**TASK DIRECTIONS**.
Print the listing exactly as it stands, and skip any pictures in it.

**AVAILABLE DATA**.

___

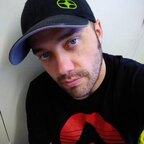 Sir_spunks_alot avatar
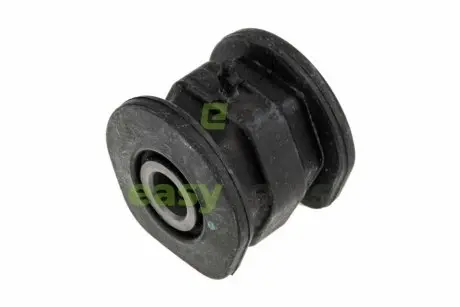 САЙЛЕНТБЛОК РЫЧАГА ПОДВЕСКИ NTY ZTP-HD-010B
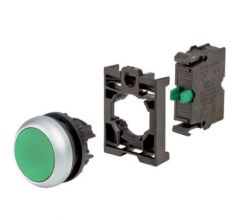 EATON/Moeller 110934 M22-D-G-K10-BVP Device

___

**FINISHED TASK**.
 Sir_spunks_alot avatar
 САЙЛЕНТБЛОК РЫЧАГА ПОДВЕСКИ NTY ZTP-HD-010B
 EATON/Moeller 110934 M22-D-G-K10-BVP Device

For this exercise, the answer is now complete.